His immediate priorities are creating a federal spending cap and pension reform - which he hopes to accomplish in his short mandate that only runs until next February.
Temer praised the election of his ally.
"There will be much more harmony, which will be useful for the presidency," he said at an event on Thursday.
Congressional support for unpopular measures such as pension reform, which requires a super majority of 308 representatives to amend the constitution, remains uncertain. Still, Maia's background as an experienced dealmaker boosted market optimism.
Stocks climbed to their highest in more than one year, and the currency gained more than 1 percent.

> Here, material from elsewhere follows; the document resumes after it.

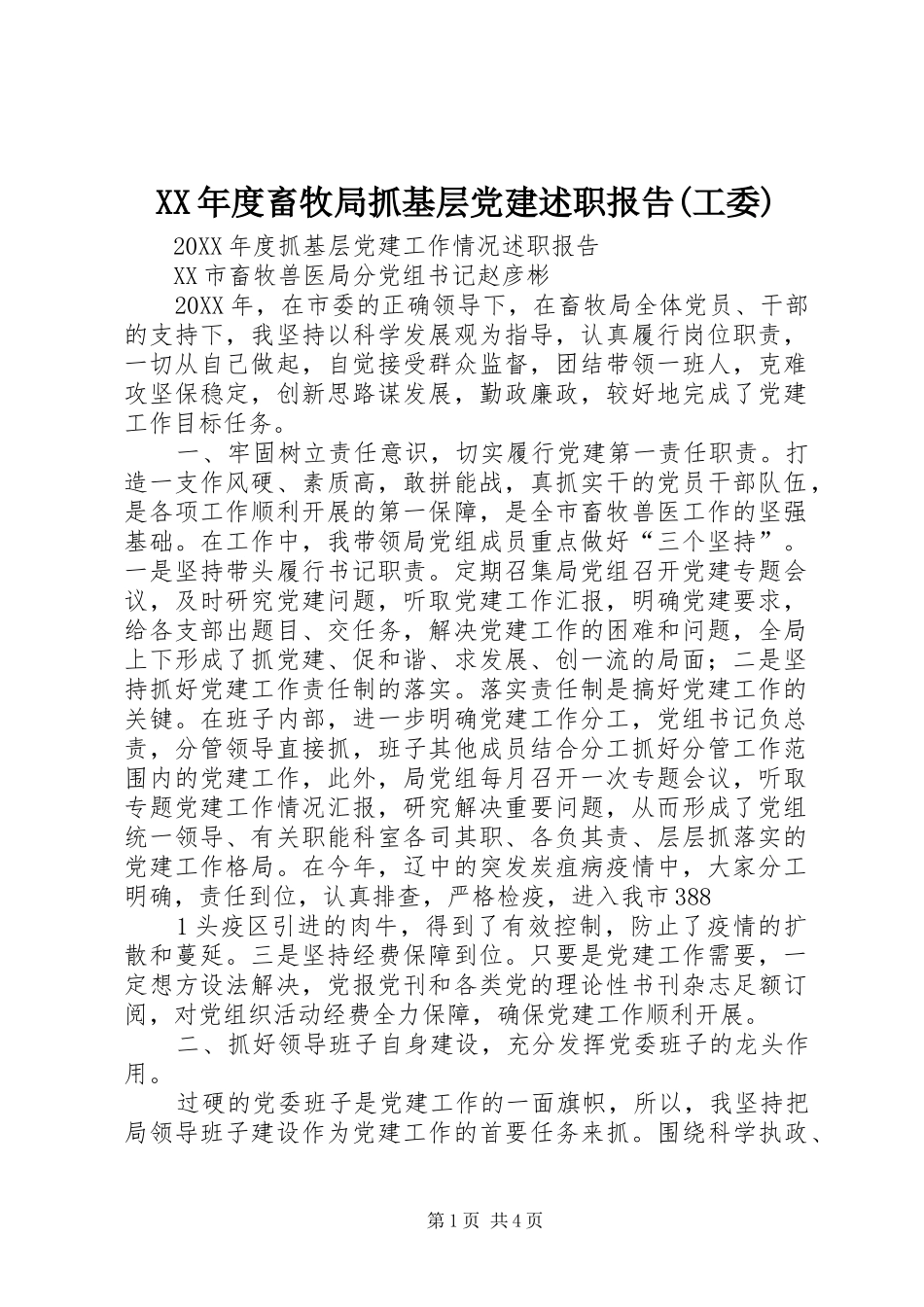 年度畜牧局抓基层党建述职报告工委_第1页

Maia represents the comeback of the DEM party, which even in Brazil's scandal-ridden congress stands out, with dozens of its members facing charges or under investigation for a litany of accusations.
But the party has been trying to portray itself as a rejuvenated, urbane and more pragmatic group than it was two decades ago.
Then, it was known as the Liberal Front Party (PFL) and was a junior member of former President Fernando Henrique Cardoso's governing coalition.
But since the turn of the century it has shrank in size, mostly because its stronghold in northeastern Brazil where it had long controlled pork-barrel politics began to support Lula's Workers Party.
Maia, the son of former Rio de Janeiro mayor Cesar Maia, became a leader of the Democratas early in his career, as the party struggled in opposition to the popular Lula during his two terms.
Within the party, Maia rose by strongly advocating for and winning a party re-branding.
PFL shifted focus to the urban middle-classes dissatisfied with Lula's leftist policies and renamed itself the Democrats in 2007, the same year Maia was elected party president.
Born in the Chilean capital Santiago in 1970 where his family sought exile from a military dictatorship in Brazil, Maia had a brief stint in banking, working at mid-sized lenders Banco BMG SA [BNBMG.UL] and Banco Icatu SA before starting his political career in 1996 at age 26.
He studied economics but did not graduate, according to his biography at the lower house's website.